Was ist für Sie das Spannende an ihrer neuen Arbeit in der BAM, also in einem Ressortforschungsinstitut?

Schon wenn man durch die Pforte kommt, merkt man, dass die BAM sich den wirklich großen Fragen stellt, die die Gesellschaft umtreibt - das finde ich richtig gut. Wissenschaftlerinnen und Wissenschaftler sind ja immer ein bisschen verliebt in ihre Forschung – das kenne ich ja auch von mir selbst. Aber die Arbeit in einen Kontext einzuordnen, sich zu fragen, wem das dient, gibt der eigenen Forschung einen großen Antrieb. Diesen Gedanken finde ich an der BAM sehr ausgeprägt. Es spiegelt sich sehr gut in den Themenfeldern wieder, beispielsweise „Energie“ und „Infrastruktur“: Welche neuen Materialien brauchen wir? Wem nutzt der von mir entwickelte Sensor? Was müssen wir tun, damit Innovationen aus der Material- und Naturwissenschaft wirklich in der Gesellschaft ankommen?

Wo wollen Sie hin mit Ihrem Fachbereich?

Mein Fachbereich hat eine enorme Kompetenz in der zerstörungsfreien Prüfung und bisher viele Industrieaufträge bearbeitet, beispielsweise wenn Firmen wissen wollen, warum ihre Bauteile bestimmten Belastungen nicht standhalten. Ich komme hingegen aus einem forschungsstarken Institut und mein Fokus liegt auf der Anwendung neuer Materialien. Das kann also eine sehr interessante Mischung werden, zum Beispiel wenn wir uns anschauen: Wie verhält sich ein kleiner Sensor in einem großen Bauteil? Das könnten wir dann als Ganzes hier beantworten.

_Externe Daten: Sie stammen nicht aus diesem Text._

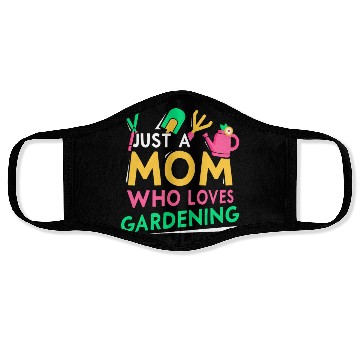 Discover Just A Mom Who Loves Gardening Garden Mother Face Masks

Wie unterscheidet sich die Leitung eines BAM-Fachbereichs von der Leitung einer Forschungsgruppe am Leibnitz-Institut für Festkörper- und Werkstoffforschung?

Im IFW habe ich Promovierende und Postdocs betreut, und fand es sehr schön, deren Entwicklung zu begleiten. Hier in der BAM kann ich mich dagegen auf einen großen Erfahrungsschatz der Kolleginnen und Kollegen stützen, das ist großartig! Aber mit Blick auf eine stärker forschungsorientierte Ausrichtung des Fachbereichs werden wir natürlich auch hier zukünftig wieder mehr Doktorandinnen und Doktoranden beschäftigen.

In der Physik gibt es etwa 15 Prozent Frauen, in den Ingenieurwissenschaften ist der Frauenanteil noch geringer. Was raten Sie jungen Wissenschaftlerinnen in diesen Bereichen?

Man braucht ein dickes Fell und Selbstbewusstsein, um sich durchzusetzen, aber es lohnt sich. Viele der anderen Wissenschaftlerinnen und Frauen in Führungspositionen, die ich nach und nach kennengelernt habe, sind tolle Persönlichkeiten und der Austausch mit ihnen ist ungeheuer bereichernd.

Verantwortung kann man letztlich nur übernehmen, wenn man vorne mitspielt. Und welche Verantwortung könnte schöner sein, als die Welt von morgen mit zu gestalten? Frauen, traut Euch! Eure Talente und Ideen werden gebraucht.